You bought his ‘Jungle Blues' CD (King Hokum KHR02) because every review you read promised it was a matchless piece of primitiveness that captured the very essence of old time music, black and white. And you loved the various snippets you'd seen on late night TV.

So now it's time to take a look at the album that started it all for C W Stoneking.

On ‘King Hokum' he concentrates on the blues, howlin' and growlin' ‘em out like Charley Patton or Willie Brown would while making his National guitar sing out old-style. It's not your usual choice of topics for the songs either with C W sincerely tackling subjects as diverse as bad luck, bread bakers, rich men, handymen, the dodo and his thing - all performed in a whiskery growl that sounds like a cross between Emmett Miller and an aboriginal bar tender.

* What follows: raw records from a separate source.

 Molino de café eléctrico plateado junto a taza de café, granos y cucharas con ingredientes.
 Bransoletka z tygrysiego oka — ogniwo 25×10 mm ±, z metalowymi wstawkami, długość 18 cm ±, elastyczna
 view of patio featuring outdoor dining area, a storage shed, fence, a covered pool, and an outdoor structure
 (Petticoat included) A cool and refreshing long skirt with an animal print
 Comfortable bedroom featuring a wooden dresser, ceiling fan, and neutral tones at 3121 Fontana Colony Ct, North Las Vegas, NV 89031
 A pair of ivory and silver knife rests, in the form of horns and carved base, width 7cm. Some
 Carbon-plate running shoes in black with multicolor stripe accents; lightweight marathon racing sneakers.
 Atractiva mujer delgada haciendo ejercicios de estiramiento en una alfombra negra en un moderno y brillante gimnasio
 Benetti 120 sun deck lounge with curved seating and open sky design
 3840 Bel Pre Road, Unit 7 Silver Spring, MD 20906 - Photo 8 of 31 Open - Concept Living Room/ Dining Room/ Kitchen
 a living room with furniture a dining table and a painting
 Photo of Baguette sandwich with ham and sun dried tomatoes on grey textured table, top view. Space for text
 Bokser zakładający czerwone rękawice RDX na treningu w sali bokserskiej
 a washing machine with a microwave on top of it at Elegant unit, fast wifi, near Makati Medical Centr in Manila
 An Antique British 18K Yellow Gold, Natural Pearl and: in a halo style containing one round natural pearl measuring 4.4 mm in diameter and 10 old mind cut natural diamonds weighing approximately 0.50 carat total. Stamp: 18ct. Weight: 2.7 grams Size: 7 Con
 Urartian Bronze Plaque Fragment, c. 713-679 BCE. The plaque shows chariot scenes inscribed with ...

His guitar is augmented by a stuttering alter-ego on Goin' The Country, the ghost of George Lewis on Rich Man's Blues and a horny sense of humour in You Took My Thing - "you said you wouldn't mind a cockatoo to keep you entertained, when I found out what you was talkin' bout, well I knew you was insane".

CW Stoneking is a white singer obsessed with the more eccentric side of jazz, blues and minstrelsy who presents himself as a mysterious figure in the same way that Leon Redbone did forty years ago except CW seems to have a more authentic feel to his persona.

You loved ‘Jungle Blues' - you'd be a stone-fool to miss this.